RV. Creely shows Kubrick the website menu of his favourite restaurant, and Kubrick admits that it looks good. Creely takes the laptop back to look up the nearest location, and is stunned by what he sees. He shows Kubrick. "You seeing that?"

For there, displayed on the homepage of this particular Biggerson's restaurant for all the world to see, is a photo of Dean, beaming happily, and Sam, looking uncomfortable, holding their enormous fake cheque. It was obvious those cameras would be bad news. Kubrick smiles in delight and raises his eyes heavenward in thanks to a higher power for this unexpected piece of good fortune. Heh. If only he knew.

Apartment. Gazing at a photograph of himself and Wayne in happier times, Grossman raises a bottle of whisky to his friend's memory, bids him adios, and solemnly pours a measure onto the floor before taking a swig.

Dean and Sam casually let themselves into the apartment as if they own the joint, and Grossman is dismayed to see them. Dean tells him they've heard about what happened to his friend. Grossman isn't impressed.

"We know someone hired you to steal the rabbit's foot," Dean announces. "A woman." Grossman drunkenly wonders how. "Because she just stole it back from us," Dean admits, and Grossman busts out laughing. Sam takes exception and starts to earnestly plead the seriousness of the situation, but takes a step forward as he does so, trips over a trailing lead and goes flying, taking a table lamp and half a bookcase with him as he goes.

Despite having the air of intimidation he was shooting for completely blown apart by his brother's ineptitude, Dean doesn't so much as twitch, doesn't turn around to see the damage, just lifts his eyebrows a little and rolls his eyes. I'm convinced that memories of a gangly and ungainly teenage Sam in the middle of a growth spurt are flooding through his mind right now, because he totally reacts to Sam's clumsiness as if he's been here and done this before. "Sam, you okay?" he checks. Sam breathlessly calls that he's good, slowly clambering back to his feet.

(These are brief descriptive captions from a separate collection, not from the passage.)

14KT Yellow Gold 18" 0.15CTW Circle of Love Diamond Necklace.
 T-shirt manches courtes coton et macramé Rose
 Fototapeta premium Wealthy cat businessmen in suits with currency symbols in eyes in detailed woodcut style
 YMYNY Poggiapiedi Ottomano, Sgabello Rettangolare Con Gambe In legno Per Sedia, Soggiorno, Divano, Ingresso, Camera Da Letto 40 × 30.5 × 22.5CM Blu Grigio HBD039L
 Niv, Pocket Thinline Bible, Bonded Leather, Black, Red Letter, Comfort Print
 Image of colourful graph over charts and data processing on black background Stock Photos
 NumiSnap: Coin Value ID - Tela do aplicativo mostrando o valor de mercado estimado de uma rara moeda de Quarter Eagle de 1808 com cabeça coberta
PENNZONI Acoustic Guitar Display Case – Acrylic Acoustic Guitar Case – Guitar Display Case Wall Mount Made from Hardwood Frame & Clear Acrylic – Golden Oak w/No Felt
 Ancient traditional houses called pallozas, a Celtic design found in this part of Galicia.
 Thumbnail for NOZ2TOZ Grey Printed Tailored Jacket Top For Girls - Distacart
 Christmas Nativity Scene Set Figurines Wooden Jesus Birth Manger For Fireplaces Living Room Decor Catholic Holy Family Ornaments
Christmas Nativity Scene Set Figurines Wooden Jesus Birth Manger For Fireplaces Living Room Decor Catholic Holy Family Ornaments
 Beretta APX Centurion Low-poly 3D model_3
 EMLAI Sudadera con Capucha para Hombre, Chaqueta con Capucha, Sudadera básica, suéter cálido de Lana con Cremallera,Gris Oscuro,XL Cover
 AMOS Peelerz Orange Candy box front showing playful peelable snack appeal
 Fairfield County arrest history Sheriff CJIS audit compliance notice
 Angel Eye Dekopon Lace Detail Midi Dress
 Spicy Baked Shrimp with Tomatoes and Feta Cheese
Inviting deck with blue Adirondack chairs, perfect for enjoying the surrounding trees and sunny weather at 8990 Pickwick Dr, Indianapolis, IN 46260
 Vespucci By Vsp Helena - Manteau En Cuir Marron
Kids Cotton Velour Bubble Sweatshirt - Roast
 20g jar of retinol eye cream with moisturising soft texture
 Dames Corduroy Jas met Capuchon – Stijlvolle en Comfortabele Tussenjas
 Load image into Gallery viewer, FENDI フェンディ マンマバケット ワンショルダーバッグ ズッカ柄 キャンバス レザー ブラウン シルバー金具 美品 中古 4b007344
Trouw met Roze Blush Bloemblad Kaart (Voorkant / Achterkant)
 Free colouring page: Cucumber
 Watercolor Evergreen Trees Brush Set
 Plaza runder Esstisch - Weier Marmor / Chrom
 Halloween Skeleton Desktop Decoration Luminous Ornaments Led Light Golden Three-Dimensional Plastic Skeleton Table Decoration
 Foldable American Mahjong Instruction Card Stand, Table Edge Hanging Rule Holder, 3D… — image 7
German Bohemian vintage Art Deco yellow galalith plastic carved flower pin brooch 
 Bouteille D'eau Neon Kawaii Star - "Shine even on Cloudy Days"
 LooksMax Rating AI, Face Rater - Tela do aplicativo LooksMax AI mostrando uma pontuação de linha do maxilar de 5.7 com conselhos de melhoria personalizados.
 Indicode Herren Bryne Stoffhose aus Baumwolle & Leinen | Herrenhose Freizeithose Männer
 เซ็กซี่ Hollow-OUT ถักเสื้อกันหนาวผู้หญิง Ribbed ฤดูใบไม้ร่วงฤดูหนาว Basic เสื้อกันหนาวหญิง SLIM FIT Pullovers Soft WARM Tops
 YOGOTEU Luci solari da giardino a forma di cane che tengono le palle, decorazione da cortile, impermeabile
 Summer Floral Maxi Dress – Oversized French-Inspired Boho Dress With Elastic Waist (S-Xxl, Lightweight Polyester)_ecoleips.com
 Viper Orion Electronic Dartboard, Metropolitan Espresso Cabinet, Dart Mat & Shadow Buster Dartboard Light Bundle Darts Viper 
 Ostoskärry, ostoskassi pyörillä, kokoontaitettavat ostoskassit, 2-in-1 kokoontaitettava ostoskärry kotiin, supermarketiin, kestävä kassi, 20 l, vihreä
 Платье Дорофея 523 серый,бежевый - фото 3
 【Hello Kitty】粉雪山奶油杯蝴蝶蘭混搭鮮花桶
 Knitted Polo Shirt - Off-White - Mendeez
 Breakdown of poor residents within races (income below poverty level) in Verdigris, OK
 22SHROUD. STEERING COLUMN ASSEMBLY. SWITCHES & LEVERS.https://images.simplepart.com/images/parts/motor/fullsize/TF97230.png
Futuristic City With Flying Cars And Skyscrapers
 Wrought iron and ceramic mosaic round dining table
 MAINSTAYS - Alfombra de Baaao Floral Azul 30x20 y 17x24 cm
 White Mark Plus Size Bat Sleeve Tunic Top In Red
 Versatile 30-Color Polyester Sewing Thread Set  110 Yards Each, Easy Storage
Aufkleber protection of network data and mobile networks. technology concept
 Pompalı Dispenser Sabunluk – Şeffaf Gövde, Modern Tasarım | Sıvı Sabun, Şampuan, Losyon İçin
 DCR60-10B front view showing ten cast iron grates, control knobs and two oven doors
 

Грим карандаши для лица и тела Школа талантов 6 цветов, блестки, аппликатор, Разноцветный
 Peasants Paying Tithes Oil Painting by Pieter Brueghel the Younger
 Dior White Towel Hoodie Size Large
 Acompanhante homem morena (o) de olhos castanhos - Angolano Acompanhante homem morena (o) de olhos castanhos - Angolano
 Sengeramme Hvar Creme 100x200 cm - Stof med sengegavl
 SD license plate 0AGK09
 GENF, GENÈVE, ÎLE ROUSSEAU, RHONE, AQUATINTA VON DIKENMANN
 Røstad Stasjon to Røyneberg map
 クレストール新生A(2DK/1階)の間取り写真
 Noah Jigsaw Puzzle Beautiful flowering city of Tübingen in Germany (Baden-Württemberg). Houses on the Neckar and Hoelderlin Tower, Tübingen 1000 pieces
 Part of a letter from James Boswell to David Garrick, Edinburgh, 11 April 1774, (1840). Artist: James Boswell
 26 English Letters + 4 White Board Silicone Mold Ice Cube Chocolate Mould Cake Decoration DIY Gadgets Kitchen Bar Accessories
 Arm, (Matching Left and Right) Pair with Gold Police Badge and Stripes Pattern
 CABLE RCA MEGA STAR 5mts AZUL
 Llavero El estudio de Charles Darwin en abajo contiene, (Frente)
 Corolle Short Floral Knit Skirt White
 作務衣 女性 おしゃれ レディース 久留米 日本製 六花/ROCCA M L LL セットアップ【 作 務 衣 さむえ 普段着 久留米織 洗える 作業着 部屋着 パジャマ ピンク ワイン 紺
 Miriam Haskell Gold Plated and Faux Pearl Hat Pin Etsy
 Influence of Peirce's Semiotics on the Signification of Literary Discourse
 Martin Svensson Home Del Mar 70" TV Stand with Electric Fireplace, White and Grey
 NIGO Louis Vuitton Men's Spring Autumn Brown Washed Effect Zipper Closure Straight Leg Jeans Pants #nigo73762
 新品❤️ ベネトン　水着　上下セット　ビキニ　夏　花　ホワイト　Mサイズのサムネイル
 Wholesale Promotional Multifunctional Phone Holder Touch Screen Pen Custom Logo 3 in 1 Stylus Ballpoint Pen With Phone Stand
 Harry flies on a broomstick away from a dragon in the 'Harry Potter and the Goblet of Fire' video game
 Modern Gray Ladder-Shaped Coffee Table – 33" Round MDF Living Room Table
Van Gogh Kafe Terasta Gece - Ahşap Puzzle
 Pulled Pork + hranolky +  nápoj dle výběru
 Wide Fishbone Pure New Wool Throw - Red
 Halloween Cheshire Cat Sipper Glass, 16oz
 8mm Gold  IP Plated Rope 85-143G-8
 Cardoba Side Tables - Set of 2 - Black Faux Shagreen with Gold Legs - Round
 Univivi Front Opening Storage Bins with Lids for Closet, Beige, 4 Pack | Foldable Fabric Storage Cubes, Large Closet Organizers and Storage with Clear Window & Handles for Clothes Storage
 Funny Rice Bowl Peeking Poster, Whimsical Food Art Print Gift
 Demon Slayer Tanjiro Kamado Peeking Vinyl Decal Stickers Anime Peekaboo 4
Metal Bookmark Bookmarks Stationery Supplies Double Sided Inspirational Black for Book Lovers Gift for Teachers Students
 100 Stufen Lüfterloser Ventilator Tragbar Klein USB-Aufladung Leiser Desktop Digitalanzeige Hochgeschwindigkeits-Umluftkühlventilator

Dean returns his attention to a bemused Grossman. "I want you to tell us her name."
"Screw you," Grossman spits. And, to be fair, he has no reason to feel at all generous toward these two.
"It wasn't a freak accident that killed your partner," Dean tells him, stern and serious and absolutely deadpan. "It was the rabbit's foot."

Heh. It takes some acting to say that line with a straight face. I'd love to know how many takes it took. Grossman laughs, protesting that he's crazy.

"You know I'm not," Dean says, very intense. "You saw what happened, what it did. All the flukes, all the luck. When you lose the foot, that luck goes south. That's what killed your friend. My brother here is next. And who knows how many more innocent people after that. Now, if you don't help us stop this thing, that puts those deaths on your head. I can read people. And I get it. You're a thief, and a scumbag, and that's fine. But you're not a killer. Are you?"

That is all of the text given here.